En revanche, les revenus n’ont pas suivi ces succès éditoriaux. Les annonces classées ont été aspirées par des sites d’annonces gratuites comme Craigslist et les plateformes ont capté plus de 70% des publicités numériques, ne laissant aux sites de presse que des recettes marginales.

À partir de 2015, le grand quotidien londonien a donc affronté une crise financière majeure qui a d’ailleurs contribué au départ de Rusbridger. Le Guardian ayant toujours refusé de se convertir à l’abonnement numérique payant, à l’instar du New-York Times, l’écart entre des recettes  publicitaires en déclin et le coût d’une rédaction de 600 journalistes, nécessaire pour bien couvrir une actualité mondiale, était devenu ingérable.

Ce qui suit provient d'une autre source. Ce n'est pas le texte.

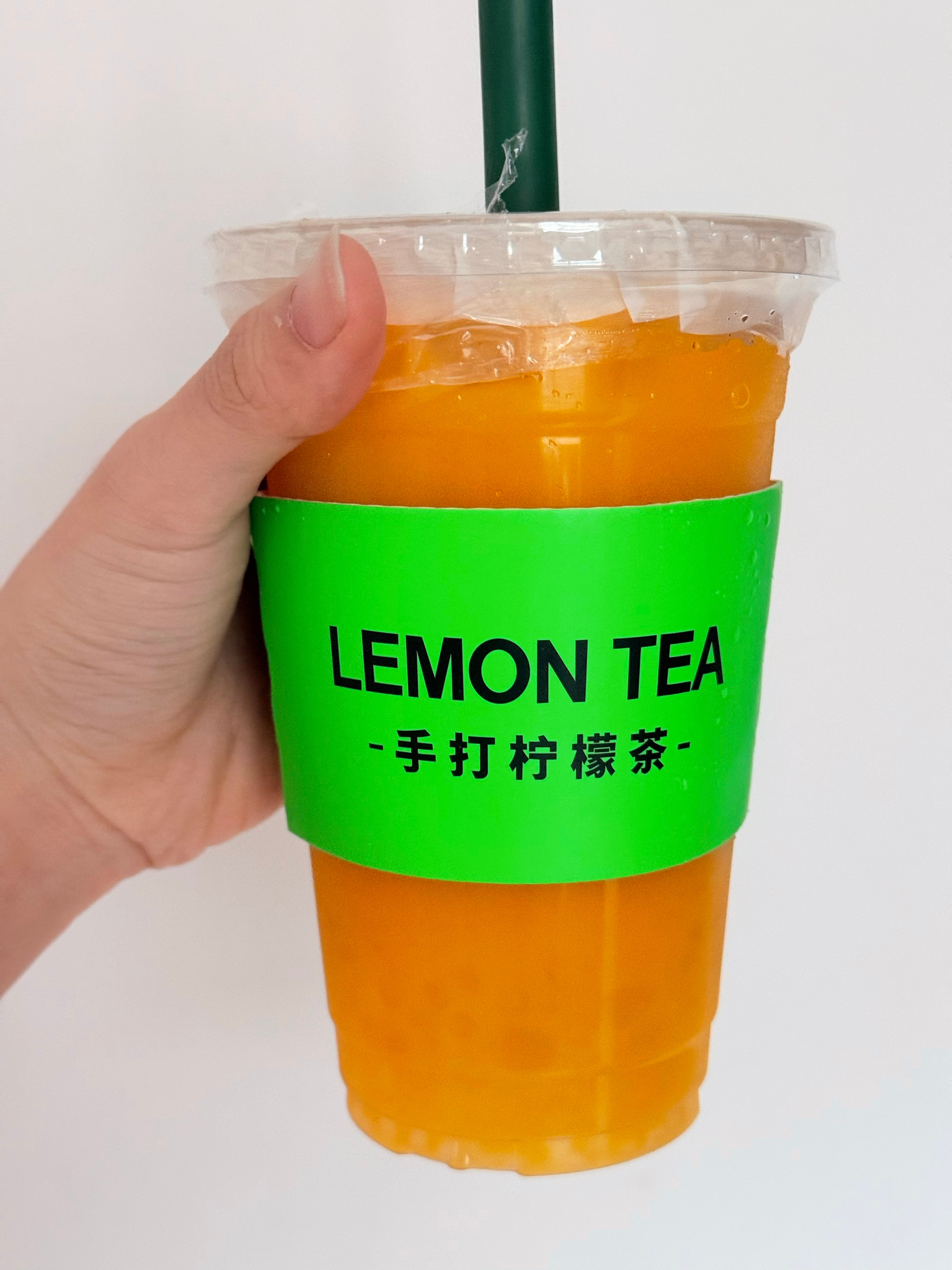 一块钱点了杯杨枝甘露，真佩服我自己 ​​​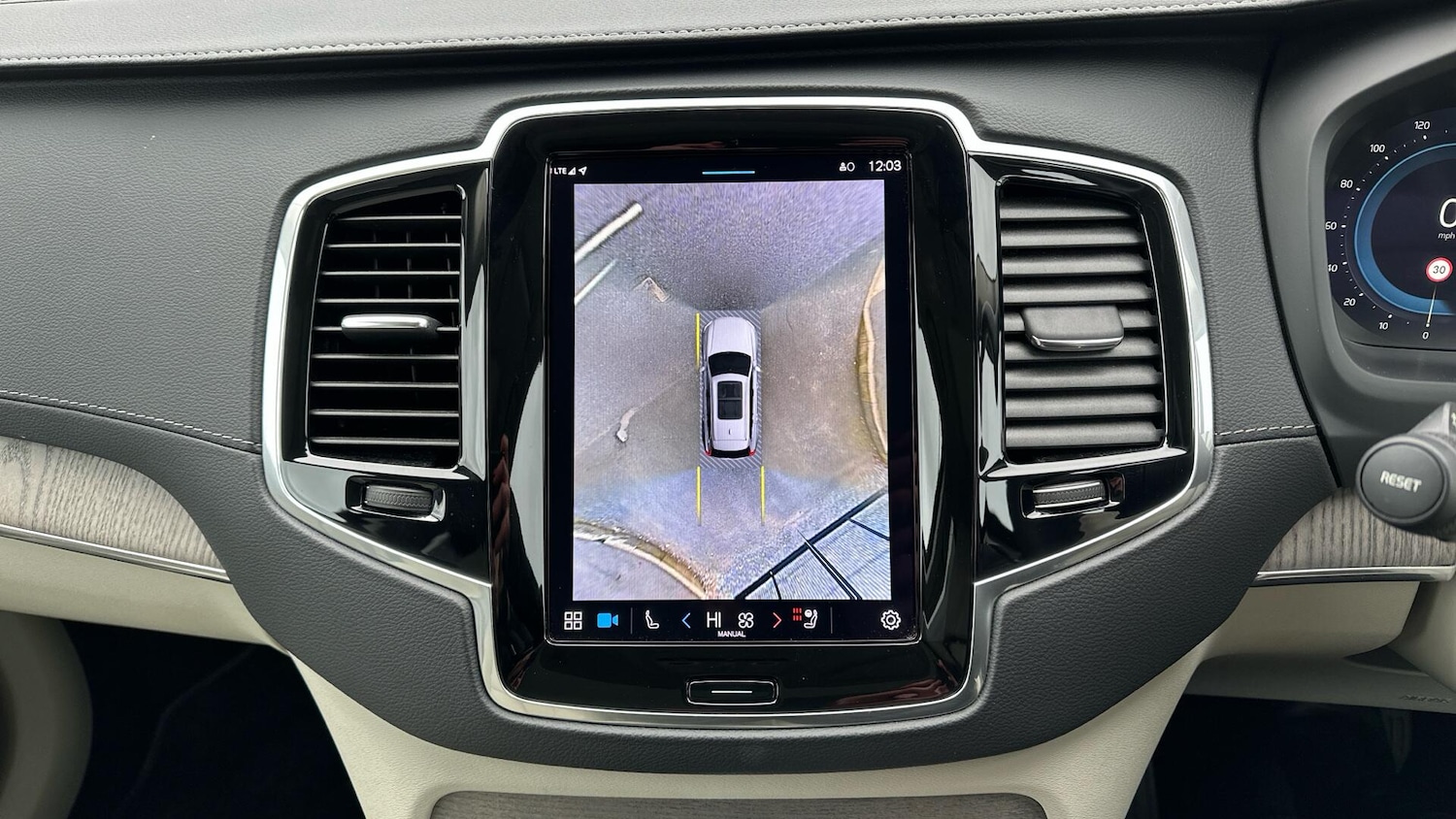 Used Volvo XC90 2023 for sale - 77672975: Photo 19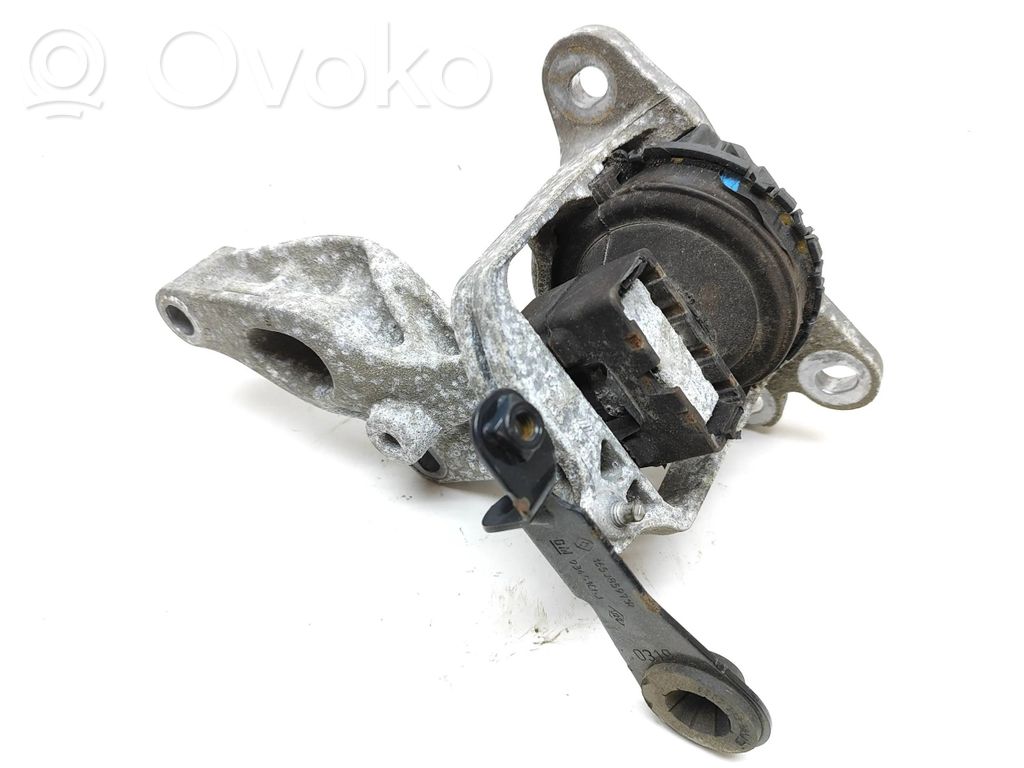 Renault Trafic III (X82) Engine mount bracket 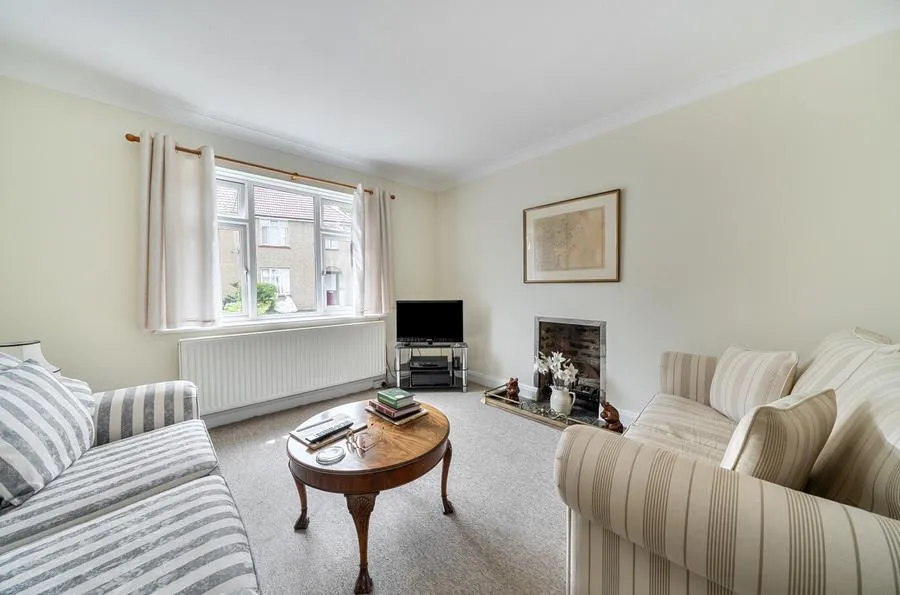 Crescent Drive, Maidenhead, SL6, photo 19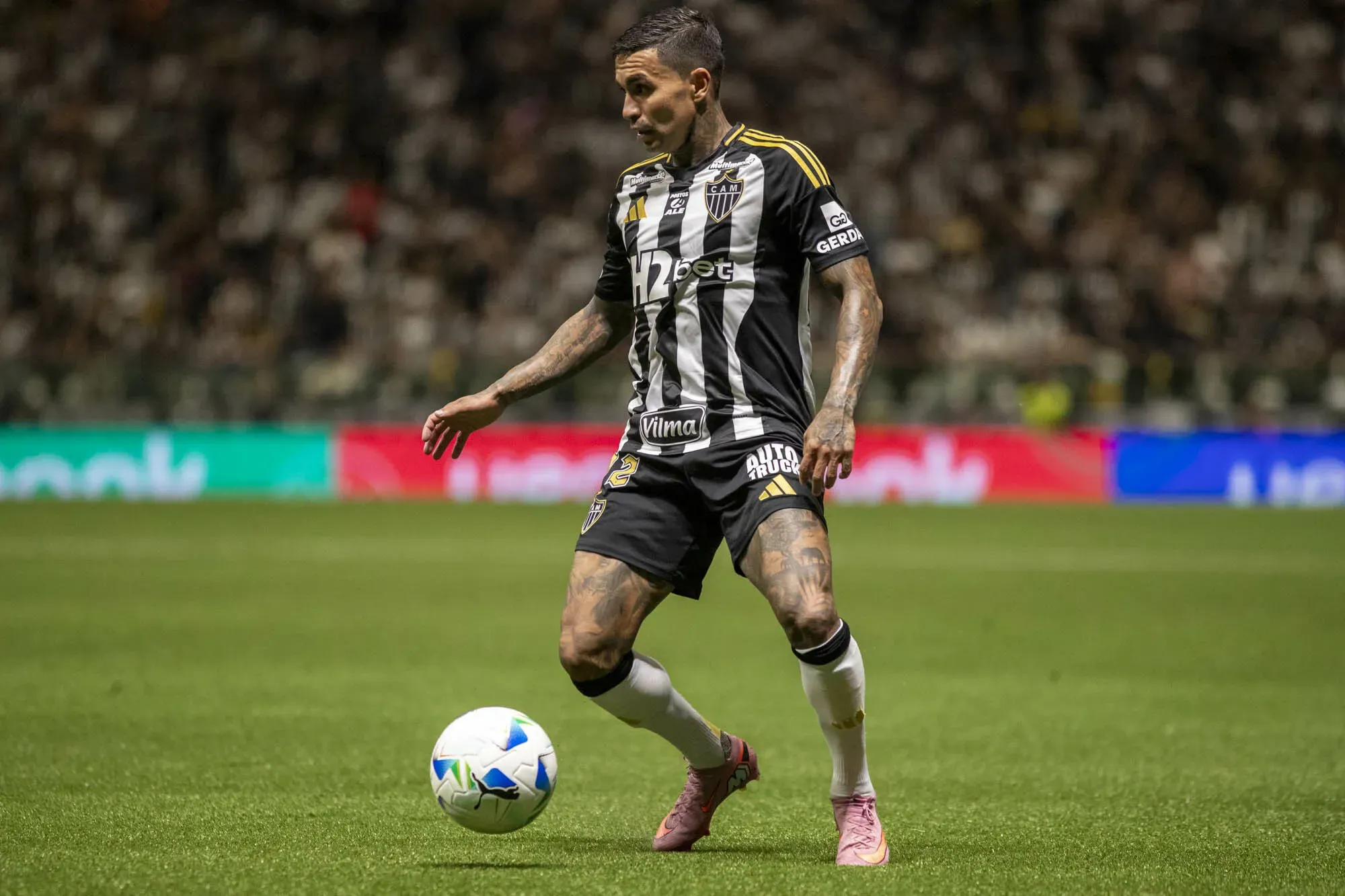 MG – BELO HORIZONTE – 28/10/2025 – COPA SUL-AMERICANA 2025, ATLETICO-MG X INDEPENDIENTE DEL VALLE – Dudu jogador do Atletico-MG durante partida contra o Independiente del Valle no estadio Arena MRV pelo campeonato Copa Sul-americana 2025. Foto: Fernando Moreno/AGIF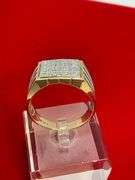 MEN'S GOLD AND DIAMOND RING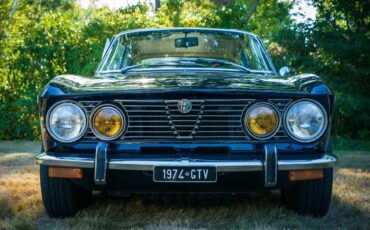 Alfa-romeo-Gtv-2000-1974-Blue-Tan-19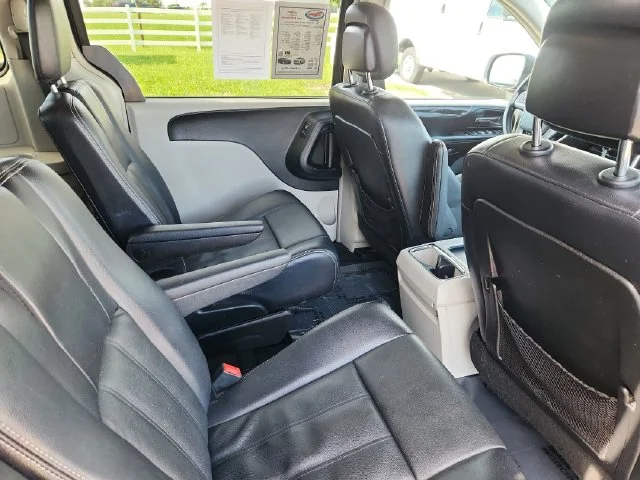 Used 2013 Black Chrysler Touring image 29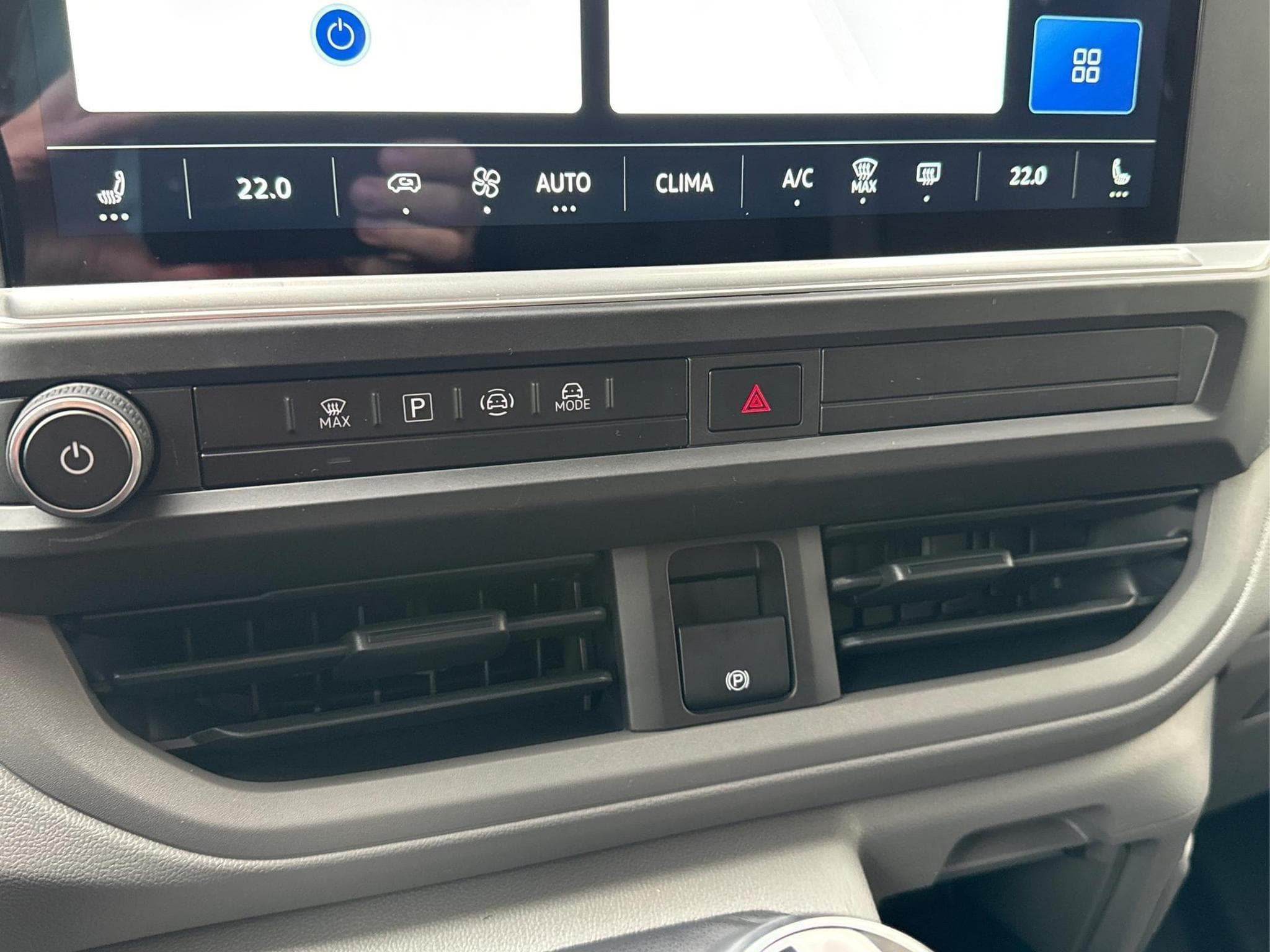 VW T7 Basis (2025) - Photo 22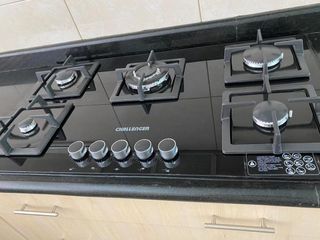 Foto 11 de VENTA CASA 4 DORMITORIOS, CADA UNO CON BAÑO,  EN CUMBAYA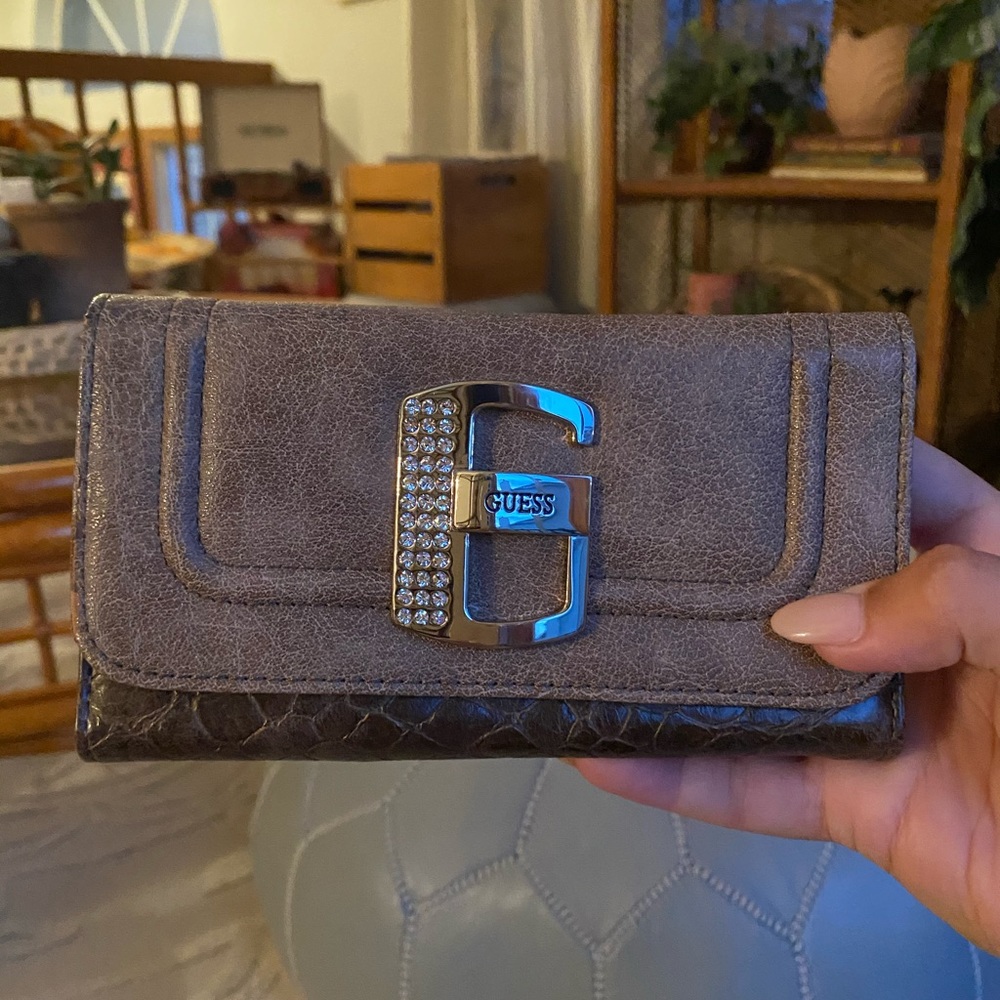 Guess Wallet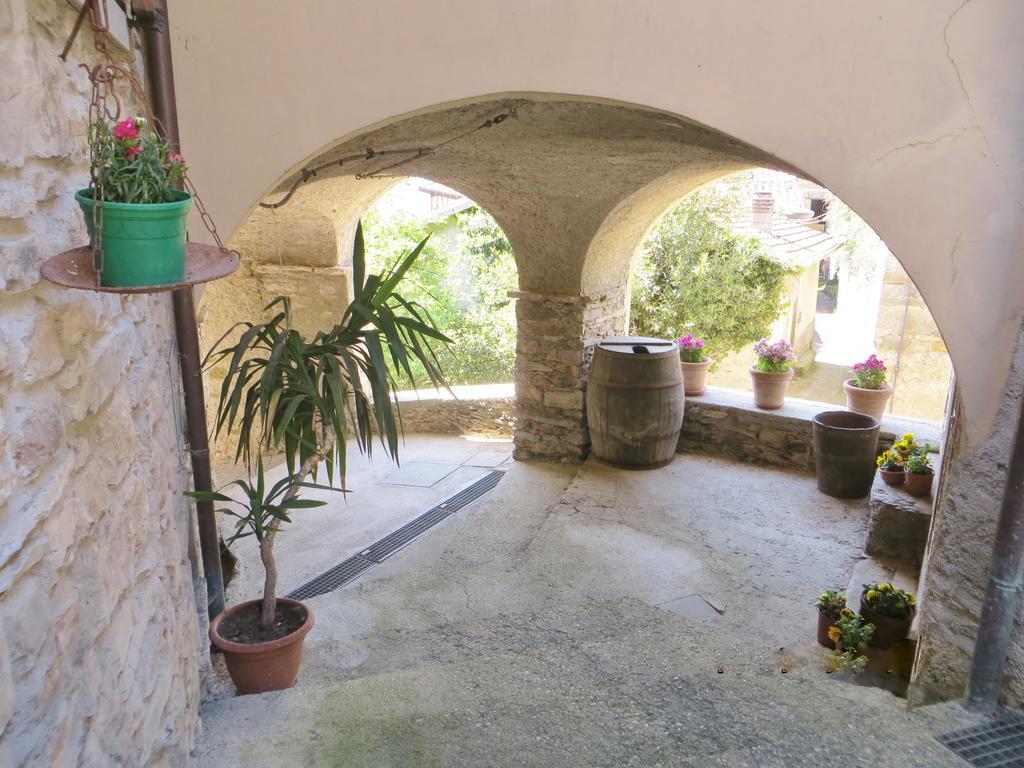 Agriturismo Profumo Di Natura Vila Fivizzano Exterior foto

Se refusant toujours à la mise en place d’un paywall , un système qui oblige les internautes à souscrire à un abonnement s’ils veulent lire plus de six ou sept articles par mois et qui s’est généralisé des deux côtés de l’Atlantique, le Guardian a choisi une autre option. Il propose à ses lecteurs une sorte d’abonnement volontaire. Tout en conservant le principe de l’accès gratuit à son site, il fait appel à la solidarité des internautes en leur demandant de verser chaque année 100 à 200 livres. Ce dispositif original a bénéficié d’un accueil inespéré. Plus de 100 000 lecteurs ont accepté de souscrire ce qui a permis au journal de se rapprocher de l’équilibre.

Un avenir incertain

Dans sa conclusion, Rusbridger se garde bien cependant de crier victoire. Il insiste sur la grande fragilité de la presse qui sera obligée à moyen terme d’abandonner le papier sans avoir la garantie de trouver les financements nécessaires pour assurer sa mission d’information. Il montre aussi que les rédactions sont obligées de se remettre en cause en permanence pour affronter le déferlement de nouvelles plus ou moins exactes et rarement vérifiées dont les plateformes telles que Facebook se font les instruments. La tentation pour beaucoup de journalistes est de rester devant leurs écrans au lieu d’aller sur le terrain pour enquêter et écouter les gens. Or, les enquêtes de fond coûtent très cher et beaucoup de médias y renoncent. Personne ne peut dire si un Guardian multipolaire et numérique pourra relever ces défis au cours de la prochaine décennie.

Ces questions sont évidemment les mêmes que celles qui se posent aux médias écrits et audiovisuels français. Comment sauver la qualité de l’information mise à mal par la couverture souvent erratique de la crise des Gilets jaunes ? Faut-il prévoir de nouvelles formes de réglementation publique concernant notamment Facebook que les parlementaires britanniques qualifient dans un récent rapport de « gangster d’Internet » ?

L’essai de l’ancien directeur du Guardian instruit un débat important dont la conclusion reste bien incertaine.